01-09-2006 - Traces, n.8

Challenge Modernity and Identity

The Person who
Belongs Has a Face

The possibility of coexistence passes through respect for identities, conscious that the individual is not sufficient unto himself. The words of Martínez, Albacete, and Follo

by Riccardo Piol

Affirming with the Meeting that “reason is the need for the infinite…” means accepting direct dialogue with modernity, with the contemporary creed that denies any relationship between reason and Mystery and thrives on dogmas in which man is his own master, belongs to nothing, and has no identity. It means accepting dialogue and discussing these dogmas as well, to the point of confuting and rejecting them, as did Monsignor Albacete, theologian and columnist for the New York Times Magazine; Monsignor Francesco Follo, Permanent Observer of the Mission of the Holy See to UNESCO; and Archbishop Martínez of Granada. They addressed the principle according to which identity and modernity are irreconcilable. To listen to the overwhelming majority of thinkers today, the fact is unquestionable. It wouldn’t be of interest to common mortals, but for the fact that the somewhat abstract formulation conceals a theme that is decisive for anyone’s life, and the image of coexistence we’re offered by today’s society.

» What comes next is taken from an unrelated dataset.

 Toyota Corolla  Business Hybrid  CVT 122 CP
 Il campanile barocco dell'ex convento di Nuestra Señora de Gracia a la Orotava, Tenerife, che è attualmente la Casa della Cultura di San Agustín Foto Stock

To put the concept more simply, in modern society, there is no place for those who affirm an identity that implies the experience of belonging.

Against identity
Monsignor Albacete knows that the question of the incompatibility of modernity and identity fuels lively debate in the United States. In his country, perhaps more than anywhere else, the interrogative is felt to be decisive for the immediate future of the country. He drew the answer that most people have embraced from a little volume unequivocally entitled, Against Identity. “It is a powerful demonstration,” said Albacete, “of the impossibility of stopping the conflict between the experience of identity that implicates a belonging in which freedom takes on the form of an acceptance of what is given, and individualism, in which freedom is the capacity to go beyond the limits of what is given.” It is an impossibility, in short, that is based on a false and illusory conception of man that holds that the individual is sufficient unto himself, his reason is the measure of all things, and reality is relative.

Our experience
A society in which the substance of man culminates in the affirmation of his presumed omnipotent freedom inevitably runs into violence, for “a freedom of the kind already tends toward terrorism,” said Martínez. And he continued, “The ‘I’ wants to take the place of God” and accepts no identity outside itself, much less a definition of identity that is conceived of as the relationship with a truth that exists outside man. “Our experience teaches us that we did not give ourselves freedom; rather, it has been given to us.” Recovering this given fact is essential, and is the task of the Church. The Christians who, as Albacete said, “reduce faith to intellectual or moral need” commit a grave error “because the mystery of man finds no answer in man himself, but in the Incarnation.” For this reason, the task of the Church is to “be faithful to herself,” because with the certain affirmation of her identity she makes it possible for others as well to live their own identity in the world and not to hide it.

Polyphony of cultures
In the interview given in early August to some German journalists, Benedict XVI spoke of “a new polyphony of cultures.” For Monsignor Follo, this expression summarizes with an evocative image the trajectory along which modern society should be brought. “‘Polyphony of cultures’ means that each instrument remains itself and plays its score, but in reciprocal respect: the result is an orchestra that expresses itself in harmony.” This harmony is not the fruit of a technique of co-existence or tolerance as commonly understood. Instead, it comes from the rebirth of a subject who stops thinking of himself as autonomous in order to rediscover “what Heraclitus said, that is, that ‘the ethos of man is God,’ where ethos doesn’t only mean morality, but also dwelling place. Thus our fulfillment, as people who live a modern identity, is to rediscover that our home is God.”